Stokowski is one of those conductors who can be fascinatingly successful and can just as fascinatingly leave the listener surprised and disappointed.

He had given four of Shostakovich's symphonies their USA premieres during the period 1928 to 1958 (1, 1928; 3, 1932; 6, 1940; 11, 1958). He clearly knew his stuff.

This Proms version of Shostakovich 5 in a very lively ambience with the odd shuffle and cough is with the LSO. It has plenty of life and that essential rawness is there in some quantity. There is no deficit of eager savagery in the final movement.

Overall I found this more interesting and intermittently engaging rather than consistently gripping although the finale has a fine trampingly relentless energy.
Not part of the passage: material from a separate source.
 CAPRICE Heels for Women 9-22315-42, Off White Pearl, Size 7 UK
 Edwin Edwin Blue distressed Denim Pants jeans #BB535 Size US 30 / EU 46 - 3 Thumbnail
My slightly cooled reaction is not echoed by the audience (nor by Ian Lace - see comparative review) who greet the performance with real enthusiasm.

Stokowski's Vaughan Williams is always worth having. In the first movement Stokowski who had, at this time, performed six of the nine symphonies for American audiences keeps up the tight rhythmic control. The performance is full of tension but idyllically relaxed for example at 3:12 in the first movement. Is the accelerator too far down in the second movement e.g. at 00.45 where the music moves at such a lick it more often sounds like Shostakovich than RVW. Stokowski finds an ethereal distancing in the Cavatina but melodically speaking it is not the strongest of the composer's inspirations - not a patch on e.g. the middle movement of the Tuba Concerto. The finale is rousingly raucous with chimes and percussion chatter caught between RVW's own Sinfonia Antartica and Britten's Prince of the Pagodas. Again the applause is uproarious.
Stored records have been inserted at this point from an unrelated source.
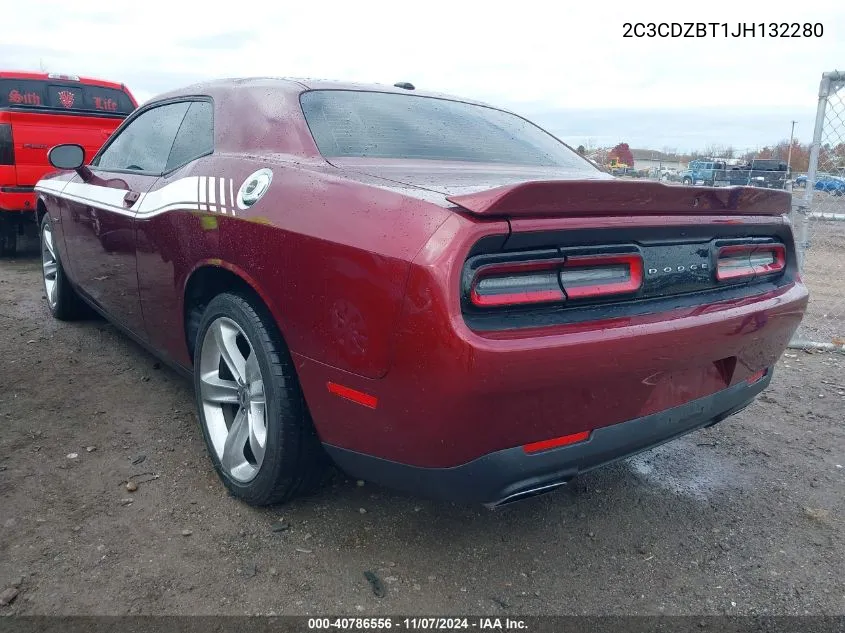 2018 Dodge Challenger R/T VIN: 2C3CDZBT1JH132280 Lot: 40786556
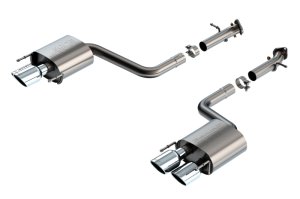 Lexus RC F Performance Exhaust - Borla - S-Type Axle Back - Bright Chrome - `15-`25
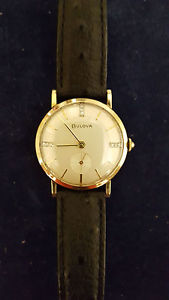 bulova president model p 1956 L6 mens vintage watch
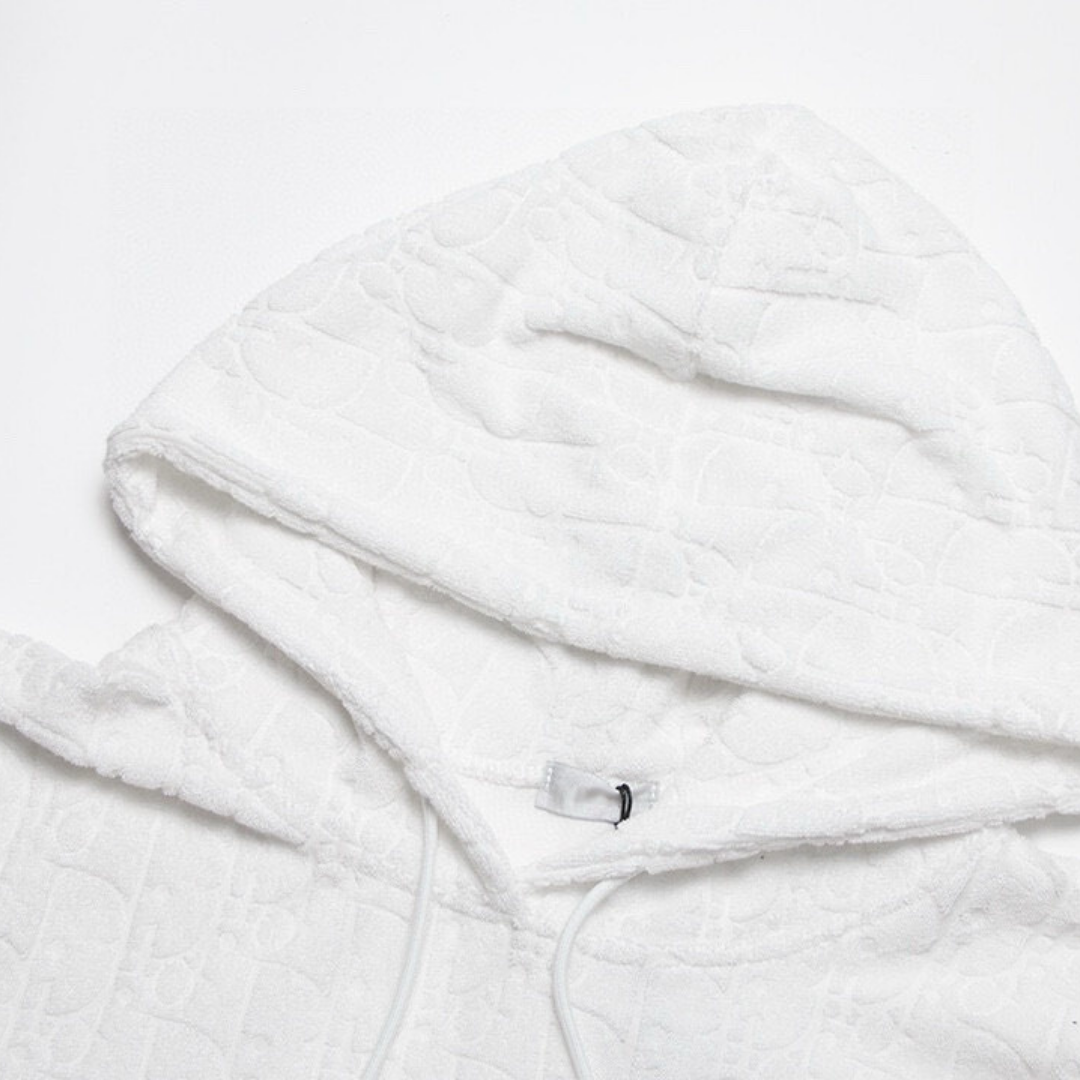 Monogram Hoodie Blanco Sencillo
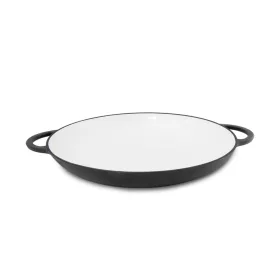  PADELLA GRIGLIA IN GHISA SMALTATA 38CM CON MANICI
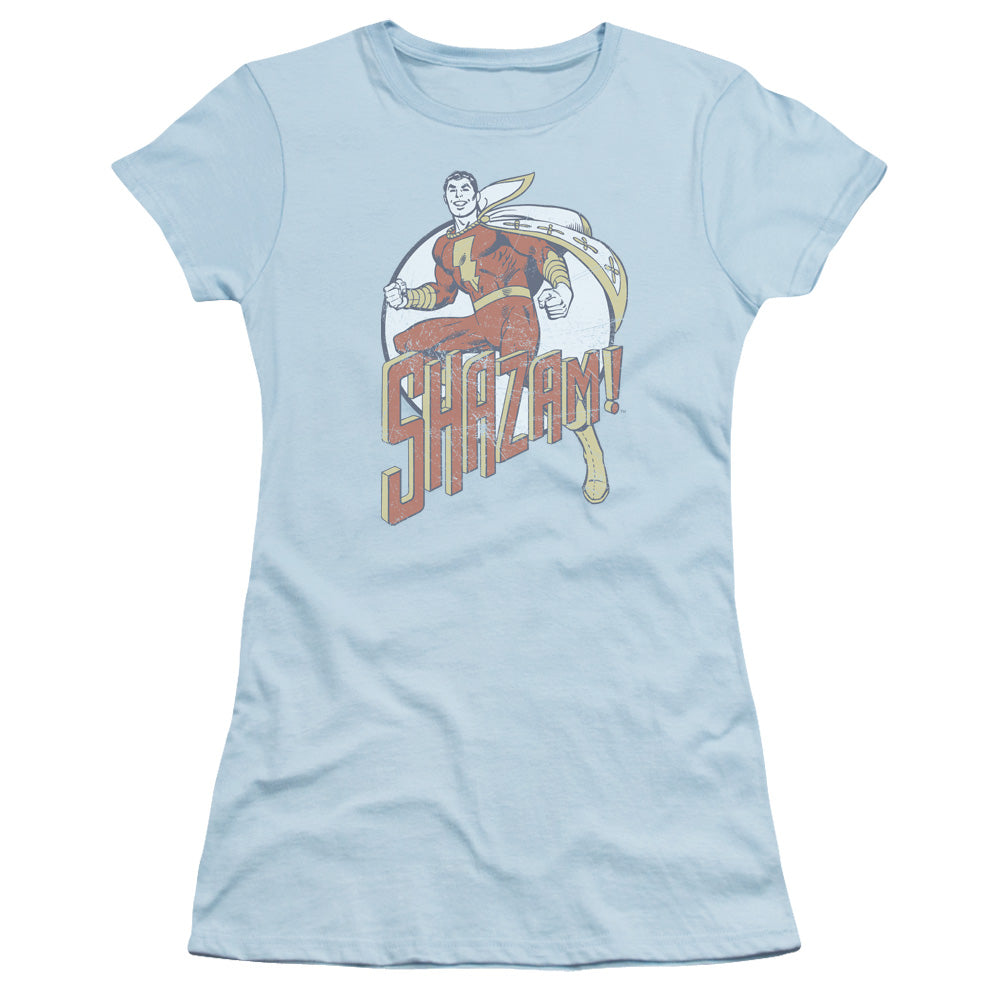 Dc - Stepping Out - Short Sleeve Junior Sheer - Light Blue T-shirt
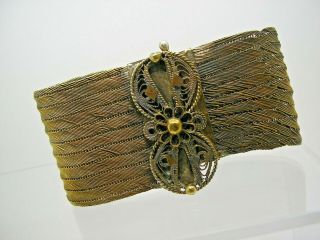 Antique Copper Hand Made Ethnic Wide Bracelet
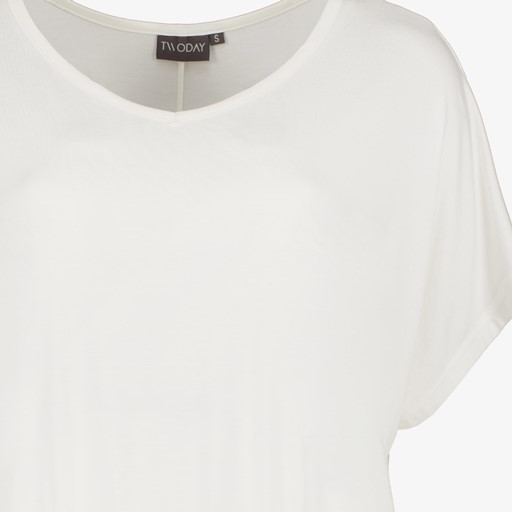 Dames top met vlindermouwen wit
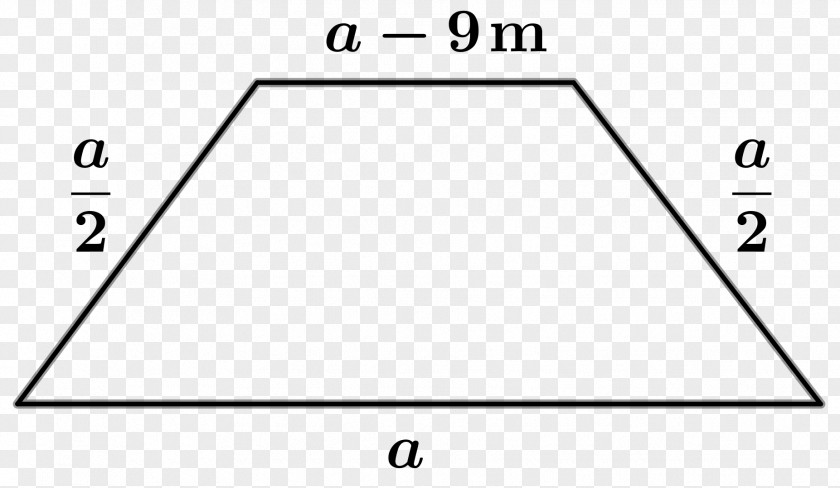 Triangle Trapezoid Area Perimeter PNG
Michael Jameson's notes are packed with freshly collected information. An object lesson in ringing the changes and also informing and enriching the listener.

Neither of these retrievals are totally compelling. A flame certainly intensely lights up many passages in the Shostakovich. The Vaughan Williams work is best heard, I think, in Barbirolli's studio version still available in a British double from Dutton.

This disc is more for completists whether in pursuit of RVW, Shostakovich or that old magician Stokowski.